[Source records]
'''
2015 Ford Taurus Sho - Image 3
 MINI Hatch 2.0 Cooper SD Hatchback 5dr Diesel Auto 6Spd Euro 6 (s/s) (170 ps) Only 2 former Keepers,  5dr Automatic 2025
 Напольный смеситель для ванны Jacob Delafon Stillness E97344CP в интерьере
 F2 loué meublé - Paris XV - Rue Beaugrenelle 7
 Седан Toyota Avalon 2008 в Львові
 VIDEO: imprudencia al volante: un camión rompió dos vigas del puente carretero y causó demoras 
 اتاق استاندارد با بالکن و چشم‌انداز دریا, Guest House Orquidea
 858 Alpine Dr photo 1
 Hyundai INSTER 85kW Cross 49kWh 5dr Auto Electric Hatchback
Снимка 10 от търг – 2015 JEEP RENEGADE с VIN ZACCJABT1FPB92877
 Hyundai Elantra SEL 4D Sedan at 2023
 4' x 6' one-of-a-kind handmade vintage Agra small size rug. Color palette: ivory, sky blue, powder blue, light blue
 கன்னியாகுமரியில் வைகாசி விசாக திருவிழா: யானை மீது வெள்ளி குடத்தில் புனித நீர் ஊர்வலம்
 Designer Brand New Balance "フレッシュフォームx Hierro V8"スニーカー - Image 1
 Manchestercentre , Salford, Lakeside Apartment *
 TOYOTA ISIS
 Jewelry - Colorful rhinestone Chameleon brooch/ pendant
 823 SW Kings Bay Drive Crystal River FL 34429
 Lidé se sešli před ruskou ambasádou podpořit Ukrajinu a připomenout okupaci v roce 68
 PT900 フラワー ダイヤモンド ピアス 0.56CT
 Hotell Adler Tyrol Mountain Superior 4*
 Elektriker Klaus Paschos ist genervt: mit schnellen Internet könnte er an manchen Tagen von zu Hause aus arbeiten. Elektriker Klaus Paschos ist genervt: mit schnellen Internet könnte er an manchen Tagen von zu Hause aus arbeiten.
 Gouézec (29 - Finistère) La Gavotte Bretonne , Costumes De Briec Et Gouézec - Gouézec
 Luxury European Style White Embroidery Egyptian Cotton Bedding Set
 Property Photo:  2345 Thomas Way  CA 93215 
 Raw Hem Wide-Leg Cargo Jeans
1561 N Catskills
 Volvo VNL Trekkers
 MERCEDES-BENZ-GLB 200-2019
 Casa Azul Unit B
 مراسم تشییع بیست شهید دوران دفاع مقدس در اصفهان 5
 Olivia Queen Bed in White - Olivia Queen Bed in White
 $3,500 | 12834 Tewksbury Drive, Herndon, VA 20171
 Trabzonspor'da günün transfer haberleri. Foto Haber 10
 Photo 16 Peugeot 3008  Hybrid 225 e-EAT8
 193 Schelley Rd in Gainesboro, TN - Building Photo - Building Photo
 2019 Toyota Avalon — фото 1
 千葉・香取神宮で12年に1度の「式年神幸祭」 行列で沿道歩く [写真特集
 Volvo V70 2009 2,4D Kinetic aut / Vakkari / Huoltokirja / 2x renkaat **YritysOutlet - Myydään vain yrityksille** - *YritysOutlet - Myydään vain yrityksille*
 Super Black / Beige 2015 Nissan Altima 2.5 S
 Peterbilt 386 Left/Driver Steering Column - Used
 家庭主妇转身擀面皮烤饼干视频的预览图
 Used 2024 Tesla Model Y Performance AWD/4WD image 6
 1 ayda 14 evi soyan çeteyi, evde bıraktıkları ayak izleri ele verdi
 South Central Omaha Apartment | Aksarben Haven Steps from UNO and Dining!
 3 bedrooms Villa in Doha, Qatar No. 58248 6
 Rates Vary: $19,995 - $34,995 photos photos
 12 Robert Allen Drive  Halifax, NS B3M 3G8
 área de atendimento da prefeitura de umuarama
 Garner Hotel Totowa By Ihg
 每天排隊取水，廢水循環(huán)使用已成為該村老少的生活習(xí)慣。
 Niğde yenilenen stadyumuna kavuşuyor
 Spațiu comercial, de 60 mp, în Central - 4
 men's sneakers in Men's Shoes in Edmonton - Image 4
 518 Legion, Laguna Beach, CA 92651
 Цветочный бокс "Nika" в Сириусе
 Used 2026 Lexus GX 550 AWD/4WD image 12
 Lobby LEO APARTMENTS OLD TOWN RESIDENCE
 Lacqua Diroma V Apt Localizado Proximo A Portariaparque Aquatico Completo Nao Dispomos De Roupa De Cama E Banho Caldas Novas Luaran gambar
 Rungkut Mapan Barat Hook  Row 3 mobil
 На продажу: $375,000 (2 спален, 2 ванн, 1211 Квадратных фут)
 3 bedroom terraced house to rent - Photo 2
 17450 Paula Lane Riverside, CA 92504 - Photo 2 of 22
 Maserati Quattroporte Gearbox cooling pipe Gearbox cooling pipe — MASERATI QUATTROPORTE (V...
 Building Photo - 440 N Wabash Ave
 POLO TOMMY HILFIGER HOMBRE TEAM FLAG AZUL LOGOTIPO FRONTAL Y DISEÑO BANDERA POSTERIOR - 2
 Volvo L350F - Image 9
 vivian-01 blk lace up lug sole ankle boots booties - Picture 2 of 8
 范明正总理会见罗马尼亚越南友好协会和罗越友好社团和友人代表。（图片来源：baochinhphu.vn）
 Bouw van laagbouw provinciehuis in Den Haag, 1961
'''
Using the entries above, copy out all lines that contain the string "Used".

*Task response*:
 Peterbilt 386 Left/Driver Steering Column - Used
 Used 2024 Tesla Model Y Performance AWD/4WD image 6
 Used 2026 Lexus GX 550 AWD/4WD image 12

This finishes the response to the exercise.